Unit: Million tonnes
-> we convert the values to tonnes

Values: Greenhouse gases (CO2, N2O in CO2 equivalent, CH4 in CO2 equivalent, HFC in CO2 equivalent, PFC in CO2 equivalent, SF6 in CO2 equivalent, NF3 in CO2 equivalent)

Sector: total net emissions per country (excluding memo items)

In [None]:
GHG_territorial = eurostat.get_data_df('env_air_gge')

In [None]:
# We rename the columns to make them more understandable
GHG_territorial = GHG_territorial.rename(columns={'src_crf': 'sector', 'geo\TIME_PERIOD': 'countries'})

# We focus our analysis on the total net emissions per country: Total (excluding memo items)
GHG_territorial = GHG_territorial.loc[GHG_territorial.sector == 'TOTXMEMO']

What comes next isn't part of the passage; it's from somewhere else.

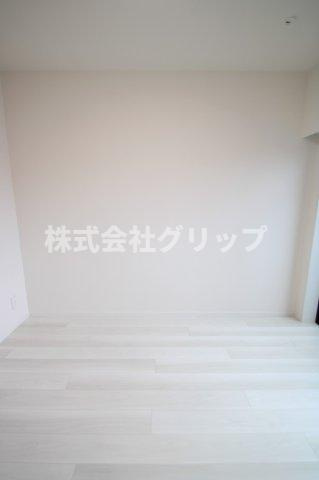 Le'a横濱井土ケ谷弐番館の洋室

# We consider total GHG emissions
GHG_territorial = GHG_territorial.loc[GHG_territorial.airpol == 'GHG']

# We only need one unit, we will use: Million tonnes
GHG_territorial = GHG_territorial.loc[GHG_territorial.unit == 'MIO_T']

In [None]:
# We put the years in rows and create a new column containing the values
# This is done to facilitate the creation of a merged dataset containing all the data
GHG_territorial = GHG_territorial.melt(id_vars=['freq', 'unit', 'airpol', 'sector', 'countries'], var_name="Year", value_name="GHG")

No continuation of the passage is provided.